All Bluff Bodies were subjected to a wind speed of 40 m/s (a medium speed in F1 terms). It was a difficult choice between 40 m/s and 30 m/s, since reference papers used both. In the end, since I have so much old data from models being run at 40 m/s, I decided it was best to go that route to have more models to compare to.
Since the computer I am running this on is 5 years old, I decided to aim for mesh sizes of around 750,000 and Residuals of 1E-4 (my references tend to go for 1E-6, but occasionally ran in to convergence issues). They also mentioned that little change was observed for runs with a poor residual, and that flow patterns converged quicker than the residuals suggested. They did however warn that high error was found in Lift and Drag calculations, and that only the trends and qualitative data were relevant.
A mesh size of 750,000 might not be sufficient to accurately mesh a full F1 car with all the bells and whistles, but it is moderately sufficient to model a Bluff Body representing the F1 Race Car.
Convergence failed for Diffuser Angles of 16 degrees and 20 degrees. The data for 16 were clearly wrong, but the data for 20 were included since the Residual kept getting to 1.1E-4 in a constant oscillation. The data at 20 degrees should be taken with a grain of salt.

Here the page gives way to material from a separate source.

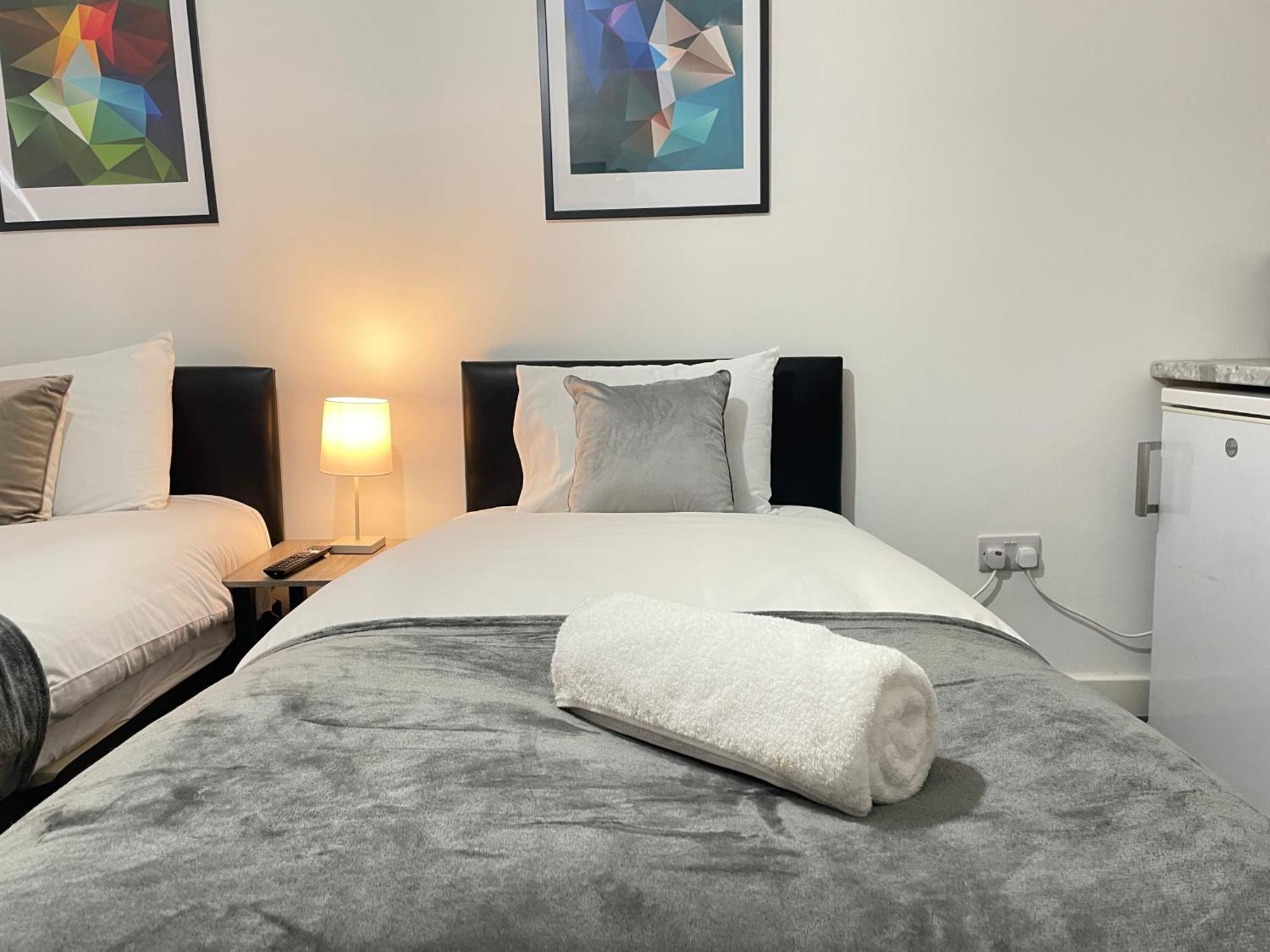 4 Bedroom 2 Bathroom Shared House - Near Bhx And Nec 버밍엄 외부 사진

The images are from ParaView. Rather than posting a BUNCH of images, I decided to make them in to animations using more Open Source software. If you have trouble loading these, let me know.
The above image shows how the Diffuser Length of the SR2 Blunt Body was changed. It can be observed that as the Diffuser Angle of the F1 Car Bluff Body is increased, Flow Separation becomes more and more apparent. The contours represent Velocity.
Here the low pressure region created by the Vortex can be seen. At a Diffuser Angle of zero, the pressure is essentially constant along the underbody of the Race Car. However as the Diffuser Angle is increased a change in Pressure Distribution can be observed.
The Vortex is clearly visible in the Animation above. The Vortex aids in keeping flow attached, and increases the Diffuser Angle achieved before Flow Separation begins. This flow will change drastically as I add in more F1 features such as a Rear Wing, Front Wing, and Wheels etc. But as I have said, we are starting from the beginning in this series of articles since others have already designed a full F1 car and run CFD on them.
It was shown that optimal Lift to Drag Ratio was at a Diffuser Angle of around 10 degrees. In future articles this may change as I vary parameters such as Ride Height. It was also observed that the highest Downforce generated was at a Diffuser Angle of 12 degrees for this given Blunt Body.
Diffuser Area Ratio is a value looked at by my references. I can't get my hands on their data relating to Area Ratio, so I figured I could post mine here since I couldn't find this type of data anywhere else. Keep in mind, the above chart has not been validated, just simply generated. If you would like a more in depth explanation of Area Ratio as it relates to F1 Diffusers, let me know.
Meaningful results were achieved through a substandard (by todays standards) laptop. For the given geometry it was found that the most efficient Downforce in terms of L/D were at a Diffuser Angle of 10 degrees, while the maximum Downforce generated was at a Diffuser Angle of 12 degrees. Convergence and mesh size were an issue, but not insurmountable.
In the future, tests should be completed to see the performance of the Bluff Body when changing Ride Height, Rake Angle, and Geometry.